I recently started using the Einstein summation notation to express certain operations over an "image" $\mathbf{A}$ where to each pixel a square matrix is attached. That is, an array of the shape $\left[n_{row}\times n_{col}\times n \times n\right]$. Now, if I want to represent the multiplication of each "submatrix" $A_{pq}$ of size $n \times n$ by a matrix $\mathbf{B}$ of compatible size, I can express it as:

$A^{'}_{pqij} = B_{ik}A_{pqkj}$.

The problem: I have an array $\mathbf{B}$ of the same size as $\mathbf{A}$ and I want to compute a third array $\mathbf{A}^{'}$ where each pixel $\mathbf{A}_{pix}^{'}$ at the first two indices $p$ and $q$ corresponds to the matrix multiplication of matrix $\mathbf{A}_{pix}$ with $\mathbf{B}_{pix}$ in array $\mathbf{B}$ at the same indices $p$ and $q$.

In the notation of linear algebra, for each $n \times n$ matrix indicized by $p$ and $q$ I want:

$A_{pix}^{'} = B_{pix}A_{pix}$

Attempt:

I initially tried something of the form: $A_{mnloij}^{'} = B_{mnik}A_{lokj}$ but if I think this will compute the submatrix multiplication at all combinations of indices $m,l,n,o$.

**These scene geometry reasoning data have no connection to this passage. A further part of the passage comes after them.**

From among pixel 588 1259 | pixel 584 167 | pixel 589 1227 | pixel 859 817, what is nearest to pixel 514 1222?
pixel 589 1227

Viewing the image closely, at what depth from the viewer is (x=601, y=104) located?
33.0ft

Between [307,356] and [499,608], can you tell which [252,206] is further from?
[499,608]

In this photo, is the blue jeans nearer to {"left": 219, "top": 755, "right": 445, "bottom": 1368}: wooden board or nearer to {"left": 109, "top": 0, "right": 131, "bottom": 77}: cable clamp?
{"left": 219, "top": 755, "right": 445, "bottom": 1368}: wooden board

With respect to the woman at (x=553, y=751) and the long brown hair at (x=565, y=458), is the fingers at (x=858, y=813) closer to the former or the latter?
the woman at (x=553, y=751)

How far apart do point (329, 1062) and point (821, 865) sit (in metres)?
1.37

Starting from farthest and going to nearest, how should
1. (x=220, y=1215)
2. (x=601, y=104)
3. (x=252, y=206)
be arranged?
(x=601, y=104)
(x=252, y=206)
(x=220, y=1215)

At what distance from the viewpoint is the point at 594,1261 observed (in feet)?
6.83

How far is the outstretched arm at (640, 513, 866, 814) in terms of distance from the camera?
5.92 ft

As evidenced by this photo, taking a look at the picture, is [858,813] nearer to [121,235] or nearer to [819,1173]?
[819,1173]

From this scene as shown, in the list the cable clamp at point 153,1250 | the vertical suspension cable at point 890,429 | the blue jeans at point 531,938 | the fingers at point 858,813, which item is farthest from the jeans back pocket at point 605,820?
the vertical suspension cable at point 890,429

The Question in Brief: Is there a way, using the Einstein summation notation, to compute the sum:

$A_{pqij}^{'} = B_{mnik}A_{lokj}$

for the combinations of indices where $(m,n)=(l,o)=\left(p,q\right)$ only?

Additional Attempt: In the worst case, I suppose that I have to first compute the expression above and then only slice the array in order to select the "diagonals" where $(m,n)=(l,o)$.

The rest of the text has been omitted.